The year was 1948. A trip to Hebron, Neb., led to the purchase of a 1943 U.S. Army bicycle.

“My dad bought it in a junkyard after World War II,” Hoffman says.

While the U.S. Army had used bicycles before World War II, they weren’t standardized for procurement before 1942. Often used by messengers on military bases and camps, there was a surplus of military bicycles when the war ended in 1945.

The same can’t be said today.

“A bike like this is very, very, very, very rare,” says Keith Post, owner of Uncle Stan’s Military Surplus in Marion.

Hoffman rode the bike as a child — even painting it red so the bike looked more like his and less like Uncle Sam’s. When Hoffman moved to Iowa as an adult, the bike came, too, but was put in storage for 35 years or so.

Hoffman sold the bicycle, which was made by Columbia, to Post last year.

At first, Post wasn’t interested.

“He didn’t want a red bike,” Hoffman says with a laugh.

A deal was made, though, and the bike became Post’s. He sent it to Alan Berger of Bergerwerke Bicycle in Antigo, Wis., for an overhaul.

Berger, who has extensive knowledge of military vehicles and more than 25 years of experience in bicycle mechanics and maintenance, regularly supplies restored vintage bicycles to public and private entities, including the movie “The Monuments Men,” starring George Clooney and Matt Damon.

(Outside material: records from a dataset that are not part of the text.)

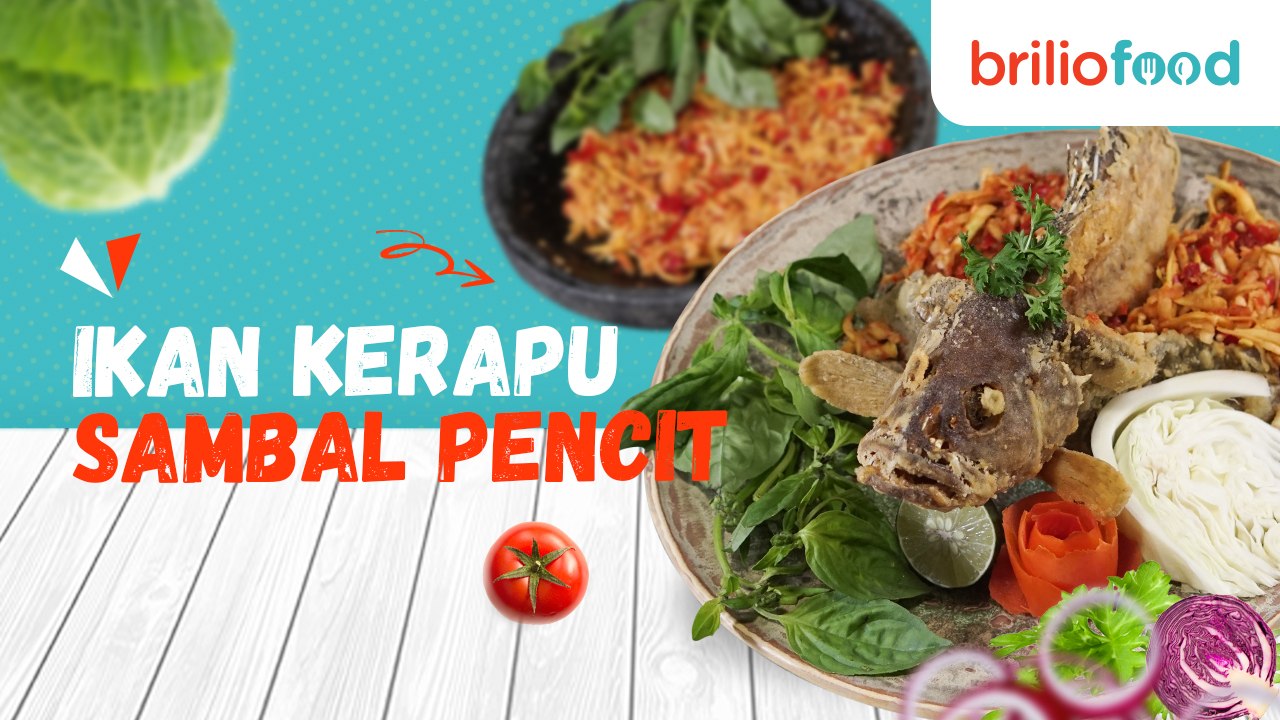 Resep ikan kerapu sambal pencit praktis tanpa ribet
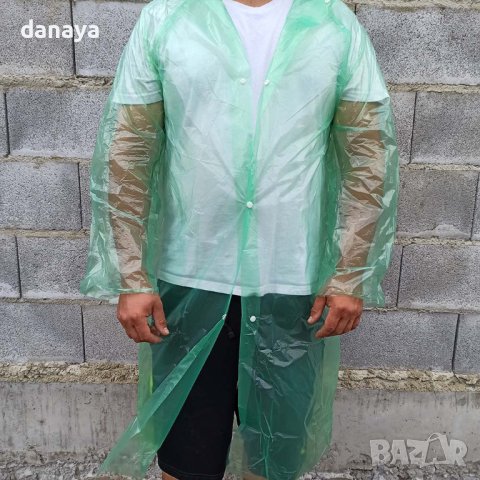 4027 Дъждобран с гугла и копчета за възрастни, универсален размер, снимка 7 - Други - 42139531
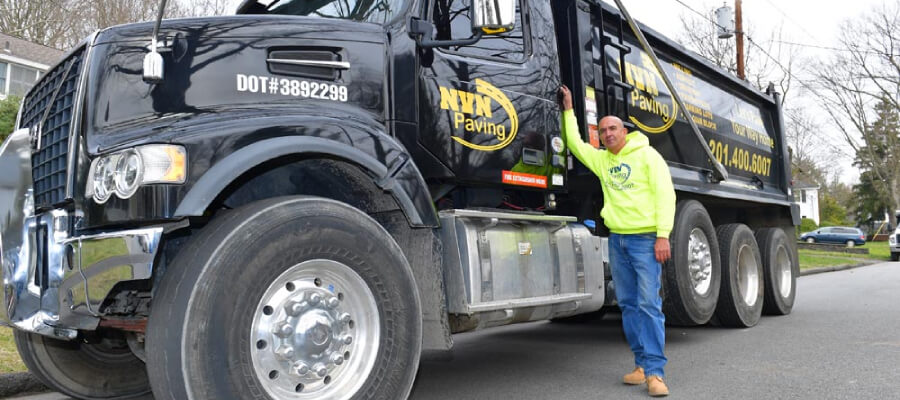 nvn paving dump truck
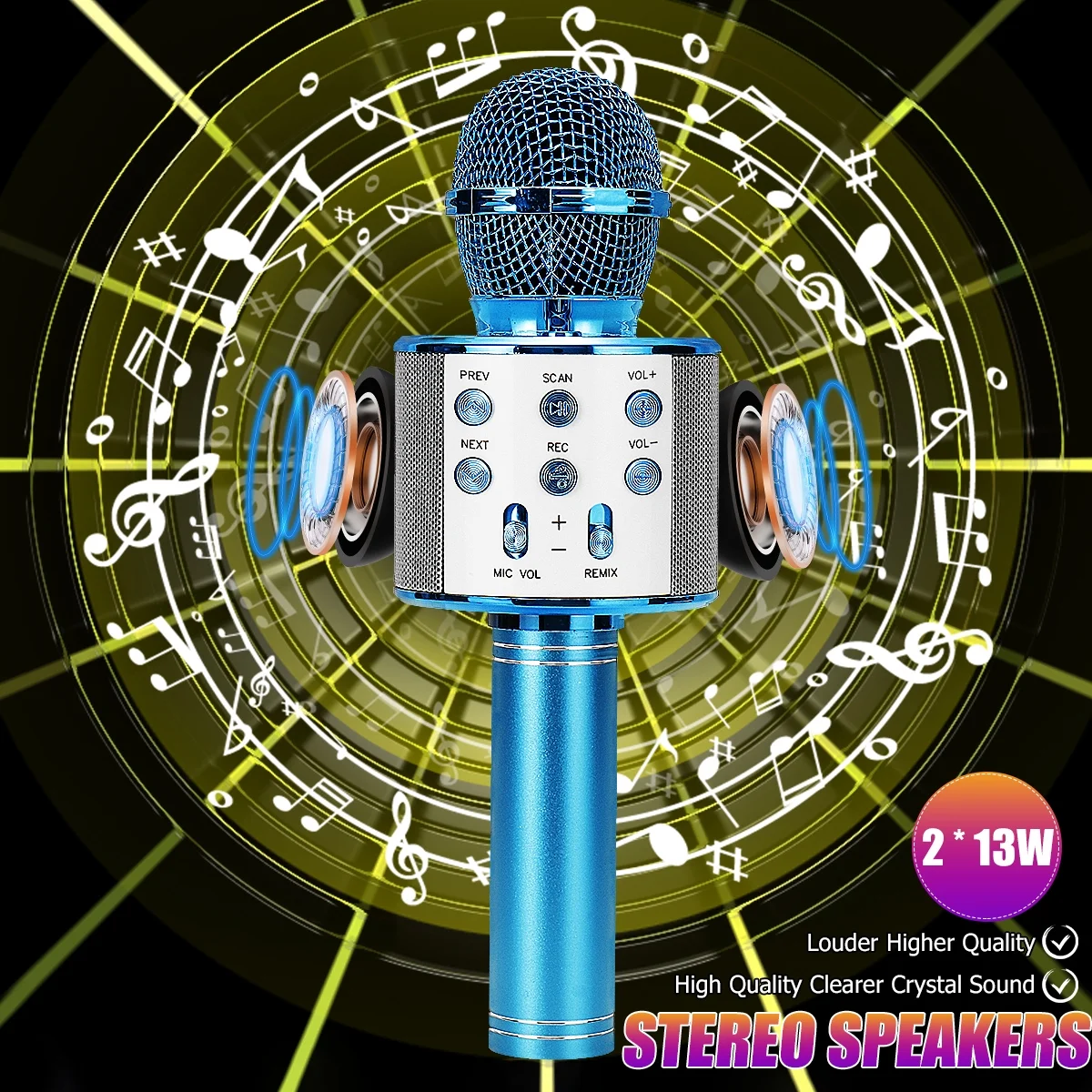 MICROPHONE 858 AVEC HAUT PARLEUR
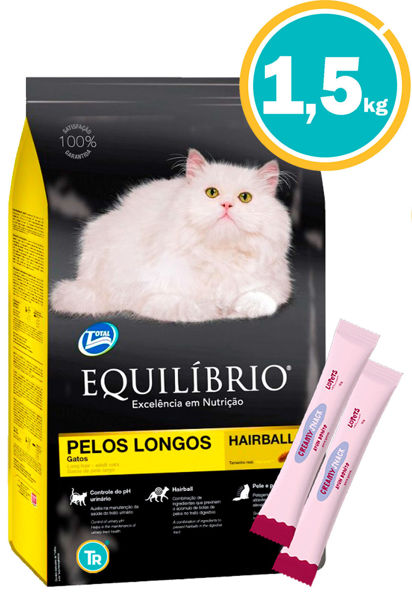 Imagen de EQUILIBRIO Gato Pelo Largo 1,5kg + Salsas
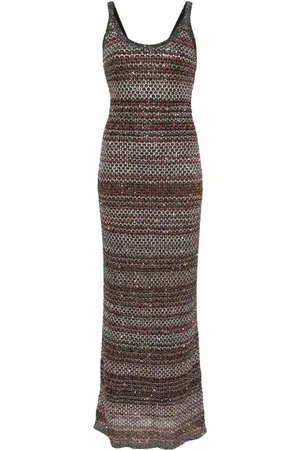 Missoni Vestido largo de punto en zigzag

According to the Bergerwerke Bicycle’s website, Bergerwerke Bicycles G519 will be seen in the film, which is scheduled for release in December.

“I knew he was the one who could bring the bike back,” Post says.

Time, patience and more than $800 led to a thorough restoration.

“Everything is original, right down to the wooden pedals,” Post says.

Still, Post wasn’t prepared for how excited Berger would be about the project.

“Al wanted to buy it,” Post says. “He made several offers.”

Post says he promised to take him up on it if he comes across another World War II bicycle.

“I have a standing offer of $2,400, which is significantly less than what I paid Larry,” Post says.

“Yeah, I’ve been meaning to talk to you about that,” Hoffman says with a laugh.

Joking aside, the two men have a similar look of awe as they study the bicycle, now on display at Uncle Stan’s.

“When Keith called to say it was here, it gave me goose bumps,” Hoffman says. “It’s something that’s been with me all my life.”

“We’re pretty proud of it,” Post says. “People just love to come in and see it.”